И ради него она была добра к его бедной дурочке, и это его утешало, так что однажды он высказал ей то, что давно было у него на душе. Ван-Лун не раз думал о том, что будет с дурочкой после его смерти, и знал, что никому, кроме него, нет дела, жива она или умерла. И он купил в лавке врача белый ядовитый порошок и сказал себе, что даст его дурочке, как только увидит, что близка его смерть. Но все же он боялся этого больше, чем смертного часа, и теперь для него было утешением видеть преданность Цветка Груши. Однажды он позвал ее к себе и сказал:
— Кроме тебя, мне некому оставить бедную дурочку после моей смерти, а она проживет долго, потому что на уме у нее нет забот и ничто не тяготит ее. И я знаю, что после моей смерти никто не позаботится накормить ее, ни посадить ее на летнее солнце, ни увести ее во-время от дождя или зимнего холода, и ей, бедняжке, может быть, придется бродить по улицам, когда всю жизнь о ней заботились ее мать и я. Вот в этом мешочке «ворота мира» для нее. И если я умру, то после моей смерти ты смешаешь это с рисом и дашь ей съесть, и она последует за мной. И я буду спокоен.

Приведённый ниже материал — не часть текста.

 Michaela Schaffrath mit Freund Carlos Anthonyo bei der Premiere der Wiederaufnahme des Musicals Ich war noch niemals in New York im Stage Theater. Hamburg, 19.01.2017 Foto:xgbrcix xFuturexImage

Но Цветок Груши отступила перед его протянутой рукой, в которой он держал порошок, и сказала, как всегда, тихо:
— Я не могу убить муху, как же я отниму у нее жизнь? Нет, господин, лучше я возьму эту бедную дурочку к себе, потому что ты был ко мне, добр, добрее всех других, и только от тебя я видела доброту.

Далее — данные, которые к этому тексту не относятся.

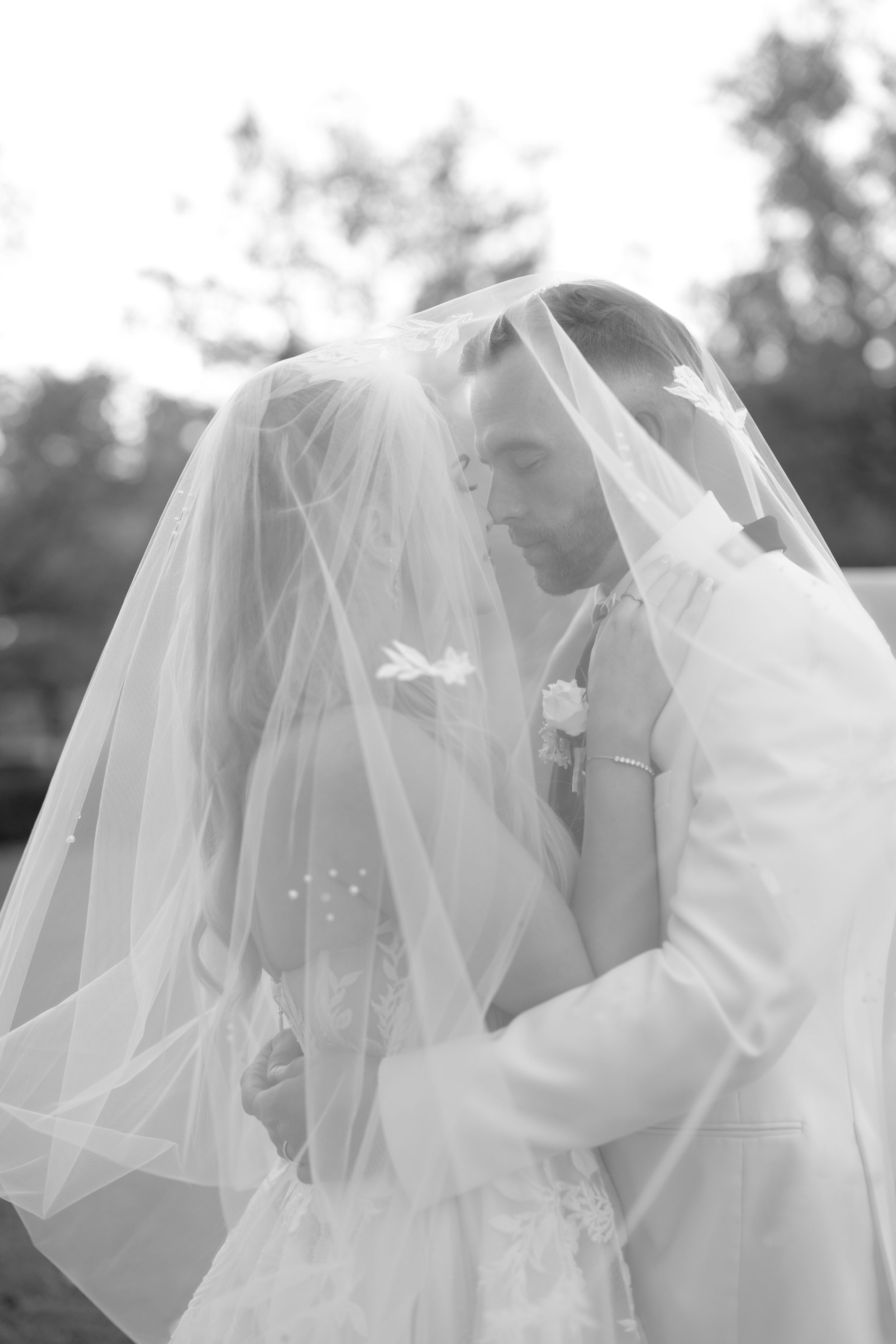 Candid and documentary Wedding Photographer Toronto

Ван-Лун чуть не заплакал при этих словах, потому что до сих пор никто не платил ему такой признательностью; и сердце его прилепилось к ней, и он сказал:
— И все же возьми это, дитя мое, потому что я никому не верю так, как тебе, но и ты должна когда-нибудь умереть, — мне нелегко это говорить. А кроме тебя нет никого, никого: я знаю, что моим невесткам некогда — они ссорятся, у них есть дети, а сыновья мои — мужчины, и им не до того.
Когда она поняла его мысль, она взяла у него пакет, не говоря ни слова, и Ван-Лун доверился ей и не беспокоился о судьбе своей бедной дурочки.
Ван-Лун старился все больше и больше и жил почти один на своем дворе, если не считать бедной дурочки и Цветка Груши. Иногда он оживлялся немного и, глядя на Цветок Груши, тревожился и говорил:
— Эта жизнь чересчур тиха для тебя, дитя мое.
Но она всегда отвечала кротким голосом и с величайшей благодарностью:
— Это тихая и спокойная жизнь.
Иногда он снова повторял:
— Я слишком стар для тебя, и огонь мой превратился в пепел.
Но та отвечала с неизменной благодарностью:
— Ты добр ко мне, а больше мне ничего не нужно.